With the fuel cell stack moved from beneath the vehicle floor to the front compartment and the battery and electric motor positioned at the rear, a 50:50 front:rear weight balance has been achieved, giving it the fundamental stability characteristics of a front-engine car.
The rigidity of the body has been increased with strategic bracing and reinforcements, the wider application of body adhesives and the use of laser screw welding.
The new platform also accommodates new multilink front and rear suspension, in place of the previous front MacPherson struts and rear torsion beam arrangement. This set-up provides a high level of stability, controllability and ride comfort. Details include the use of thicker anti-roll bars, optimal upper and lower ball joint location and overall high suspension rigidity, yielding rewards in terms of responsiveness and stability.
Further benefits are gained from new Mirai’s use of larger wheels and tyres. The 19 and 20-inch wheels are fitted with 235/55 R19 and 245/45 R20 tyres respectively, with low rolling resistance and quiet running, contributing to fuel efficiency, handling quality, stability and a quiet cabin environment. Using larger diameter wheels and tyres helps secure the space required for the new triple hydrogen fuel tanks.
The car’s improved aerodynamics, with a lower roof line, full under cover and lower drag coefficient figure, plays its part too in raising the quality of handling and stability, and achieving the longer cruising range.
New Mirai also delivers rewards from its improved driving character. The extra power produced by the new fuel cell stack and battery are harnessed for smooth, linear take-off, with acceleration harmonised with the driver’s use of the throttle. Highway driving is relaxed and stress-free, with excellent response available at all speeds. When driving on winding, open roads, new Mirai’s poise is combined with good acceleration out of bends.
Cleaning the air as you drive
The environmental benefit of driving the Toyota Mirai go beyond zero emissions to “negative emissions” – the car effectively cleans the air as it moves.
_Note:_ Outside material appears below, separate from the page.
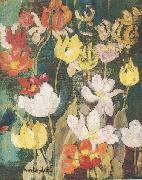 Maurice Prendergast Spring Flowers oil on canvas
A Toyota innovation, a catalyst-type filter is incorporated in the air intake. As air is drawn into the vehicle to supply the fuel cell, an electric charge on the non-woven fabric filter element captures microscopic particles of pollutants, including sulphur dioxide (SO2), nitrous oxides (NOx) and PM 2.5 particulates. The system is effective in removing 90 to 100 per cent of particles between 0 and 2.5 microns in diameter from the air as it passes into the fuel cell system.
Targeting a 10-fold increase in sales
The introduction of the new Mirai will see Toyota target deeper market penetration with a 10-fold expansion in sales volume. This growth will be supported by the new model’s stronger performance and greater customer appeal, notably as a more affordable vehicle with a selling price reduced by around 20 per cent.
The practicality of hydrogen FCEV ownership will also steadily increase as markets improve their hydrogen infrastructure, the number of filling stations rises and Governments and local authorities introduce new incentives and regulations for cleaner mobility.